Thank you Rupert!
It is probably something that I missed.
Best,
Srecko
-----Original Message-----
From: Rupert Westenthaler [mailto:[email protected]]
Sent: Thursday, January 12, 2012 20:16
To: Srecko Joksimovic; [email protected]
Cc: [email protected]
Subject: Re: Annotating using DBPedia ontology
Hi Srecko
I seams that both cases are related to the Metaxa Engine. My knowledge abut
the libs used by this engine to extract the textual content is very limited.
So I might not be the right person to look into that.

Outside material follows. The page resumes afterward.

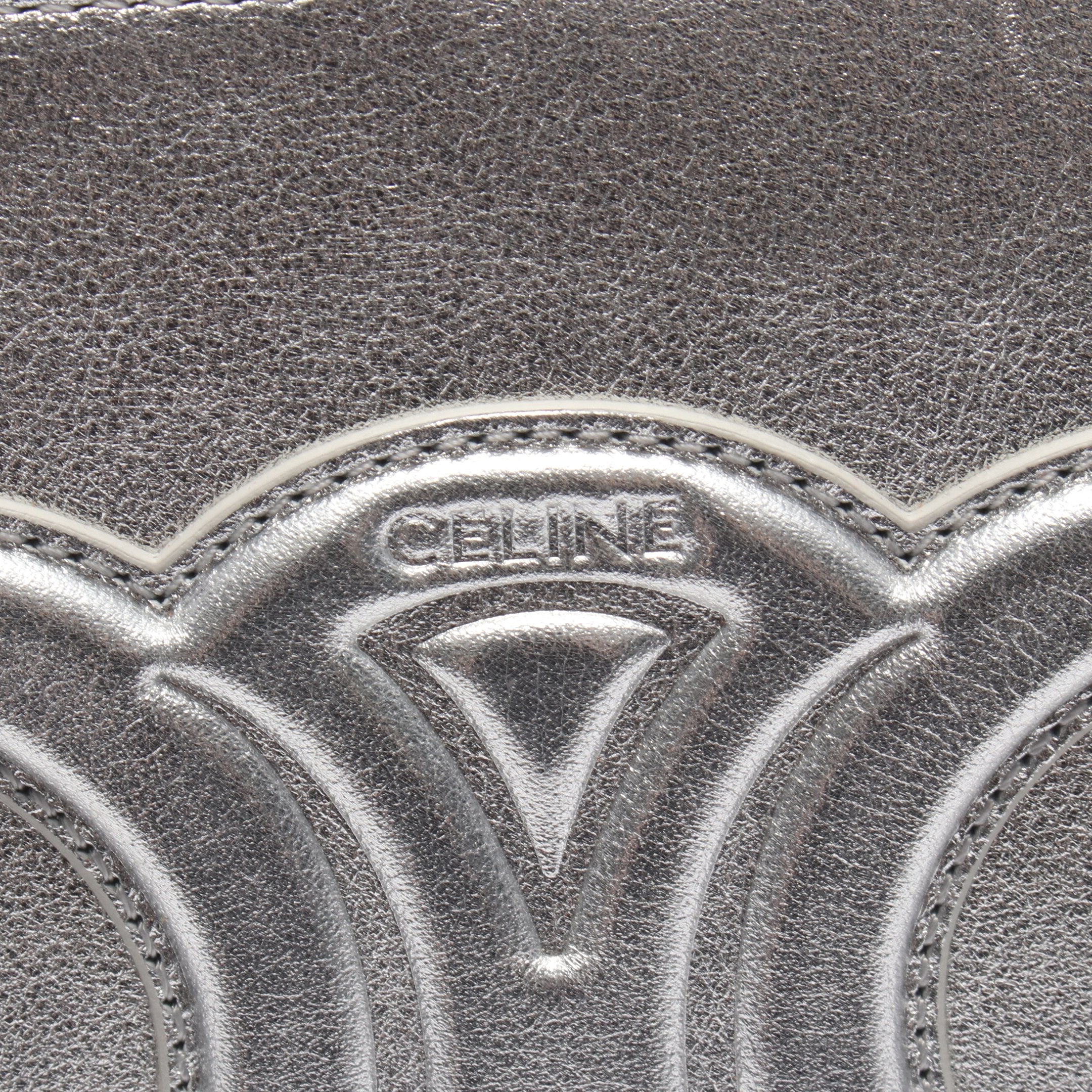 フォールド キューブ トリオンフ ショルダーバッグ レザー シルバー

In the first Example I think Metaxa was not able to extract the text from
the word document because the only plainTextContent triple noted is
<j.0:plainTextContent>Microsoft Word-Dokument
srecko</j.0:plainTextContent>
The second example looks like an issue within the RDF metadata generation
in Aperture.
I sent this replay also directly to Walter Kasper. He is the one who
contributed this engine and should be able to provide a more information.
best
Rupert
On 12.01.2012, at 18:40, srecko joksimovic wrote:
Hi Rupert,
I have another question, and I will finish soon.

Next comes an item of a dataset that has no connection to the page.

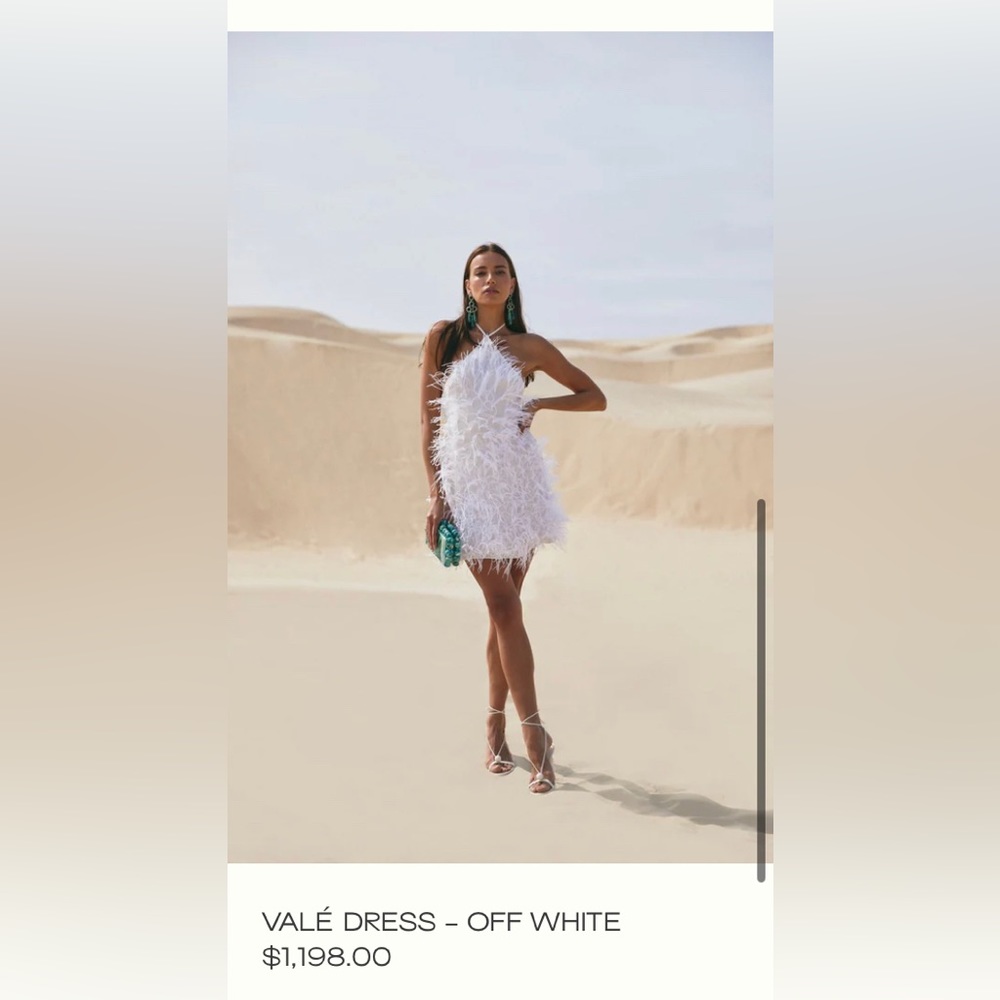 Cult Gaia Medium Vale feather Dress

I tried to annotate pdf document, and I didn't get result I expected. Then
I put string you sent to me
"John Smith works for the Apple Inc. in Cupertino, California."
in MS Word document, and this is the result I got:
<rdf:RDF
xmlns:rdf="http://www.w3.org/1999/02/22-rdf-syntax-ns#"
xmlns:j.0="http://www.semanticdesktop.org/ontologies/2007/01/19/nie#"
xmlns:j.1="http://purl.org/dc/terms/"
xmlns:j.2="http://www.semanticdesktop.org/ontologies/2007/03/22/nfo#"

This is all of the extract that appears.